Why poor housing prices are a blessing in disguise
Comaro Street, Johannesburg, by Paul Saad via Flickr.

It’s a terrible irony. South African house prices, adjusted for inflation, are as flat as an ironing board and have been for around a decade. And that just may save us all the heartache at least some of the developed world faces as their residential markets come under pressure.

House values, reflected in prices, are at the heart of the economy, a fact underlined by the global financial crisis of 2008-9, which was sparked – though not entirely caused – by the reckless lending for housing and then the deflation of the US housing bubble.

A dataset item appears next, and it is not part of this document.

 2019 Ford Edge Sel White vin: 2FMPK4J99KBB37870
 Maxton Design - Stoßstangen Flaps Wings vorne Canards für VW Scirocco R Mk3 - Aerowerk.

South Africa clearly does not have a bubble now, unlike other countries that may be forced to sharply deleverage i.e. reduce debt when their housing bubbles pop, with a ripple effect through their economies. Experience has been that housing booms are almost always followed by housing busts – though timing the downturn is not always easy. Also, according to Morgan Kelly, the economist who famously predicted the bursting of the Irish property bubble before the global financial crisis, they are not soft landings and the fall is as precipitous as the surge was before it.

A look at Global House Prices, produced from the indices supplied by the St Louis branch of the US Federal Reserve, on real (inflation-adjusted) average house prices in South Africa tells our story. You may wonder why our house prices did not plunge further after the decade-long surge in the period before, from around 1997. Houses prices in Australia, similar to South Africa in being a commodity producer, continued to surge until fairly recently as shown by Graph 2 (House Prices SA vs Australia) where the difference has been accentuated by making the Y axis start at 80 rather than zero.

Graph 1 – Source: Federal Reserve Economic Research, St. Louis Federal Reserve Bank

Graph 2 – Source: Federal Reserve Economic Research, St. Louis Federal Reserve Bank

I can only surmise that severe political risk in South Africa weighed down property prices from the 1980s right through the transition to democracy. For example, to use personal experience, we bought our house in the early 1980s at a bargain price because the owners were emigrating to escape the coming violent revolution.

In the politically turbulent and economically depressed 1980s in South Africa, white people used to joke that either South Africa had the most expensive cars in the world or the cheapest houses, because the prices of motor vehicles seemed exorbitant when compared to the cost of housing. As an investment house seriously underperformed. In the early 1990s a friend told me she was considering selling her house, putting the money from the sale into the JSE, and renting. After 1994 it took a few years for confidence to return to the market and it gradually climbed.

When the property bubble burst around 2007, pricked by higher interest rates, prices fell to levels that probably reflect fundamentals such as demand from a growing population, the amount of new housing supply, economic performance and interest rates, four key determinants of house prices, according to UK government research. Other drivers are various and could include foreign investment, mortgage availability, regulation and tax distortions.

The South African housing market is relatively clean of regulatory distortions. Rent control was abandoned in the 1980s, when it was seen to be impeding construction of new housing, especially apartment buildings.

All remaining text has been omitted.